The KF Case Study supports the Working Memory Model. KF suffered brain damage from a motorcycle accident that damaged his short-term memory.

KF’s impairment was mainly for verbal information – his memory for visual information was largely unaffected. This shows that there are separate STM components for visual information (VSS) and verbal information (phonological loop).

The working memory model does not over-emphasize the importance of rehearsal for STM retention, in contrast to the multi-store model.

Empirical Evidence for Working Memory

What evidence is there that working memory exists, that it comprises several parts, that perform different tasks? Working memory is supported by dual-task studies (Baddeley and Hitch, 1976).

The working memory model makes the following two predictions:

1. If two tasks make use of the same component (of working memory), they cannot be performed successfully together.

2. If two tasks make use of different components, it should be possible to perform them as well as together as separately.

Key Study: Baddeley and Hitch (1976)

Aim: To investigate if participants can use different parts of working memory at the same time.

Method: Conducted an experiment in which participants were asked to perform two tasks at the same time (dual task technique) – a digit span task which required them to repeat a list of numbers, and a verbal reasoning task which required them to answer true or false to various questions (e.g., B is followed by A?).

Results: As the number of digits increased in the digit span tasks, participants took longer to answer the reasoning questions, but not much longer – only fractions of a second.  And, they didn”t make any more errors in the verbal reasoning tasks as the number of digits increased.

Conclusion: The verbal reasoning task made use of the central executive and the digit span task made use of the phonological loop.

Brain Imaging Studies

Several neuroimaging studies have attempted to identify distinct neural correlates for the phonological loop and visuospatial sketchpad posited by the multi-component model.

For example, some studies have found that tasks tapping phonological storage tend to activate more left-hemisphere perisylvian language areas, whereas visuospatial tasks activate more right posterior regions like the parietal cortex (Smith & Jonides, 1997).

However, the overall pattern of results remains complex and controversial. Meta-analyses often fail to show consistent localization of verbal and visuospatial working memory (Baddeley, 2012).

There is significant overlap in activation, which may reflect binding processes through the episodic buffer, as well as common executive demands.

Differences in paradigms and limitations of neuroimaging methodology further complicate mapping the components of working memory onto distinct brain regions or circuits (Henson, 2001).

While neuroscience offers insight into working memory, Baddeley (2012) argues that clear anatomical localization is unlikely given the distributed and interactive nature of working memory. Specifically, he suggests that each component likely comprises a complex neural circuit rather than a circumscribed brain area.

Additionally, working memory processes are closely interrelated with other systems for attention, perception and long-term memory. Thus, neuroimaging provides clues but has not yet offered definitive evidence to validate the separable storage components posited in the multi-component framework.

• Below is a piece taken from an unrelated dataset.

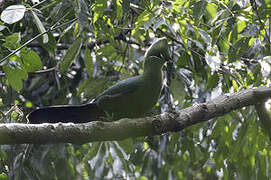 Black-billed Turaco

Further research using techniques with higher spatial and temporal resolution may help better delineate the neural basis of verbal and visuo-spatial working memory.


Lieberman (1980) criticizes the working memory model as the visuospatial sketchpad (VSS) implies that all spatial information was first visual (they are linked).

However, Lieberman points out that blind people have excellent spatial awareness, although they have never had any visual information. Lieberman argues that the VSS should be separated into two different components: one for visual information and one for spatial.

There is little direct evidence for how the central executive works and what it does. The capacity of the central executive has never been measured.

Working memory only involves STM, so it is not a comprehensive model of memory (as it does not include SM or LTM).

The working memory model does not explain changes in processing ability that occur as the result of practice or time.

State-based models of WM

Early models of working memory proposed specialized storage systems, such as the phonological loop and visuospatial sketchpad, in Baddeley and Hitch’s (1974) influential multi-component model.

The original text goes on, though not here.